Jan Holsten: AI will rapidly change pricing. We expect that generative AI (GenAI) and even more sophisticated algorithms in particular will continue to revolutionize pricing over the next two to three years. Experts agree that advanced pricing strategies will soon be almost unimaginable without AI support.
Overall, we see three trends that are likely to bring about lasting change in marketing and sales processes:
First, there is the “always on” trend. This means that prices will change at any time and be highly individualized because AI allows them to be adjusted in real time to even the smallest market changes. As a result, dynamic price adjustments will become ubiquitous in the future – whether online or in stores with electronic price tags. Algorithms can take into account not only classic factors such as demand or competition, but also unstructured data such as customer reviews, social media trends, or even sentiment indicators. This fusion of pricing and personalization will offer customers a tailor-made shopping experience, but it will also greatly increase the complexity behind the scenes.
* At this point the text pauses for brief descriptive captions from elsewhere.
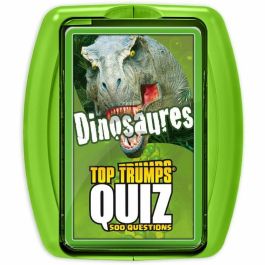 Juego de preguntas y respuestas Top Trumps Quiz Dinosaures Precio: 36.9499999. SKU: B19RFK2NEK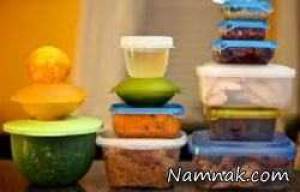 یخچال ، مواد غذایی در یخچال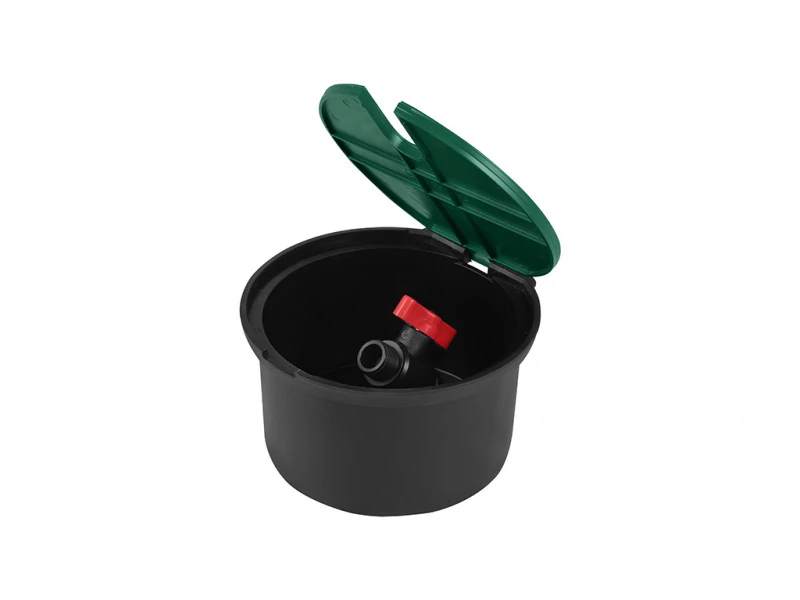 Műanyag csapszekrény 3/4 col cső kivezetéssel (Plastica alfa) -  műanyag csappal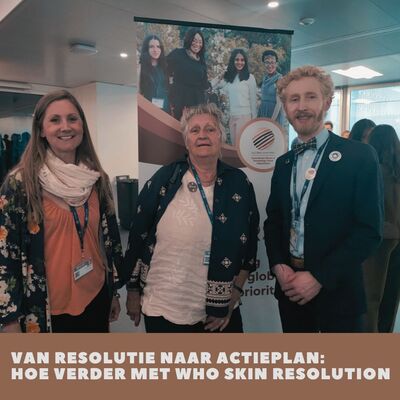Van resolutie naar actieplan:  hoe verder met WHO SKin Resolution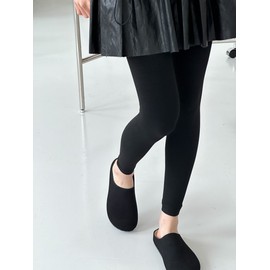 Women's Golf Stockings Winter Brushed Tights No Feet 500D Thermal Leggings / 여성골프스타킹 겨울 기모 타이즈 무발 500D 보온 레깅스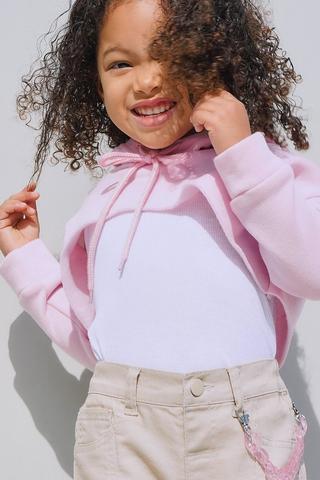 Cropped Active Hoodie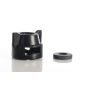 Teejet 114445-1-CELR Black Spray Tip Quick Cap with Gasket 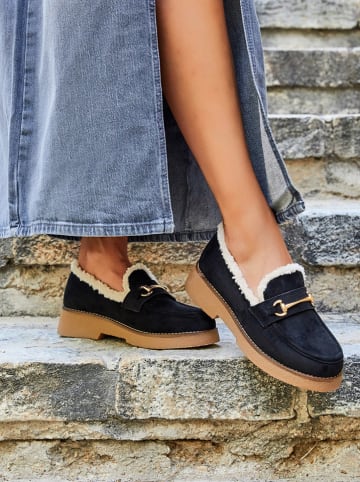 Bellucci Mokassins in Schwarz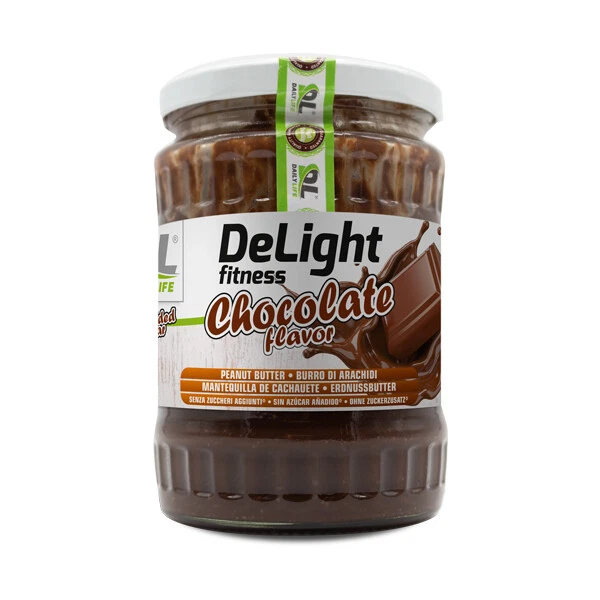 DAILY LIFE Delight Fitness Peanut Butter CHOCOLATE 510g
What changes can be expected in the B2B sector?
Jan Holsten: A second relevant trend is the integration of AI pricing into sales processes: AI-supported negotiation assistants could emerge in B2B sales – essentially digital co-pilots for key account managers who make live suggestions during price negotiations about which concessions to offer and where to stand firm. Some companies are already using tools that tell the salesperson: “Customer X in industry Y has been charged an average of 5% higher prices; try a 3% surcharge in your next offer.” In the future, chatbots could even negotiate with customers – for example, for standard contract extensions or in e-commerce checkout – according to the motto: “If you buy now, I'll offer you a 5 percent discount.” This changes the role of sales because routine pricing decisions are automated, while people focus on complex cases. Marketing and sales must work even more closely with data science to achieve this.
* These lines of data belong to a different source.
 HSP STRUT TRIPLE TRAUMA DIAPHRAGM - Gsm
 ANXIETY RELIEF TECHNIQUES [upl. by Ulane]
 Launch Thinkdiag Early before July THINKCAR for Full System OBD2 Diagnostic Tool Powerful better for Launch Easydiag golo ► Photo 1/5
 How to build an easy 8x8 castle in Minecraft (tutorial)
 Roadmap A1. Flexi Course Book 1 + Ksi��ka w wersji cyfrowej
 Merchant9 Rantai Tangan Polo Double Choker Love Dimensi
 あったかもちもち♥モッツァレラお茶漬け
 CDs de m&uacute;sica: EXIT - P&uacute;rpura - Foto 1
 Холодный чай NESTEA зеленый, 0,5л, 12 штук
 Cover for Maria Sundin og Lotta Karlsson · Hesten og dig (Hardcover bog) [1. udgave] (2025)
Third, we assume that fairness and transparency will become increasingly important in all technology, because as AI becomes more prevalent in pricing, the call for price transparency and fairness will also become louder. Regulatory authorities are closely monitoring dynamic prices, especially in sensitive areas. Companies must therefore ensure that their AI pricing strategies remain fair to customers and explainable.
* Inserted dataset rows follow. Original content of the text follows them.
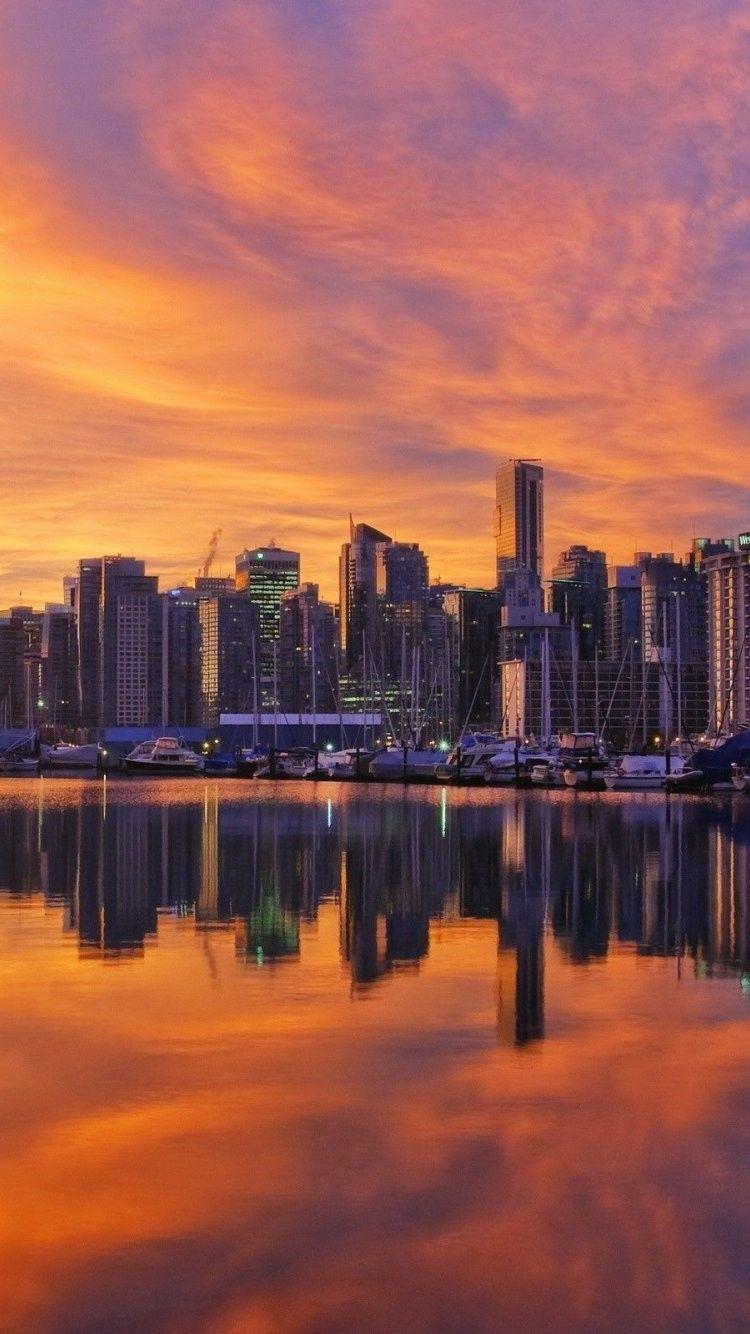 Vancouver iPhone Wallpapers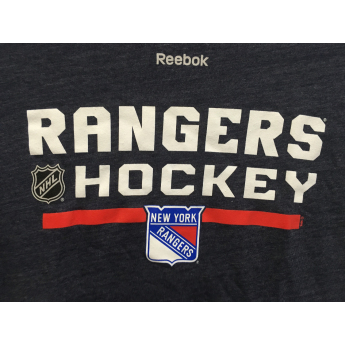 New York Rangers muška majica Locker Room 2016 navy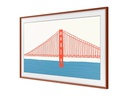Samsung Wechselrahmen 65 Frame VG-SCFA65TRCXC Chamfer Terracotta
Franz Wenzel: Of course, AI pricing will also give rise to entirely new business models. Much of this is still in its infancy, but the next few years will see pilot projects and the first standard solutions emerge.
What does this mean for companies?
Franz Wenzel: For decision-makers, this means that waiting is not an option. Companies that hesitate now risk losing customers to more agile competitors in the near future – whether through smarter pricing, personalized offers, or faster response times.
Jan Holsten: I would say that those who invest in AI pricing now will take their marketing and sales to a new level and secure a sustainable competitive advantage. Or to put it more bluntly: pricing is becoming a game changer, bringing together topics such as AI, data strategy, customer experience, and profitability.
Dear Mr. Holsten, dear Mr. Wenzel: Thank you very much for talking to us.